Chaloner has received a new boiler fitted at Boston Lodge Works but apart from that is composed of entirely original material, making it unique among mid-Victorian locomotives. The newest part is the water tank which originated on a locomotive called 'Victoria' and dates from 1897. It has been successively improved since preservation. In 2011 it worked a train of two slate wagons and members from Caernarfon (opposite the works where it was built) to Porthmadog on the Welsh Highland Railway a distance of twenty five miles achieving speeds over well over 20 mph on the flat. A week later it worked to Blaenau Ffestiniog and back with slate wagons. Correcting the valves' size and other adjustments since then have seen further improvements to performance affecting economy.

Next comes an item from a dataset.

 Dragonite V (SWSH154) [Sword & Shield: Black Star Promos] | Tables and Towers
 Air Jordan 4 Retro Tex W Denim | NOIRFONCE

During its display in the old de Winton works in Caernarfon a works photograph was discovered showing the engine as-built with its cab. A replica cab was built and fitted, but it made operating conditions difficult and it was removed and placed in store after two years.

Chaloner remains based at Leighton Buzzard.

=== Visiting other railways ===
Chaloner was a visitor to the Ffestiniog Railway for the 150th Anniversary Celebrations in 1986. It returned in October 1986 for an overhaul at Boston Lodge, including fitting of a new boiler. Another of a number of visits was the Festival of Steam Gala, May 1997.

It visited the Welsh Highland Heritage Railway around 1989 and 1998, and in 2006 visited the Welsh Highland Railway (Caernarfon). Other visits were made in 2011 and 2019. It visited the Bala Lake Railway for its 2025 Steam Gala. It has visited 24 other railways, including some in France, Germany and Belgium.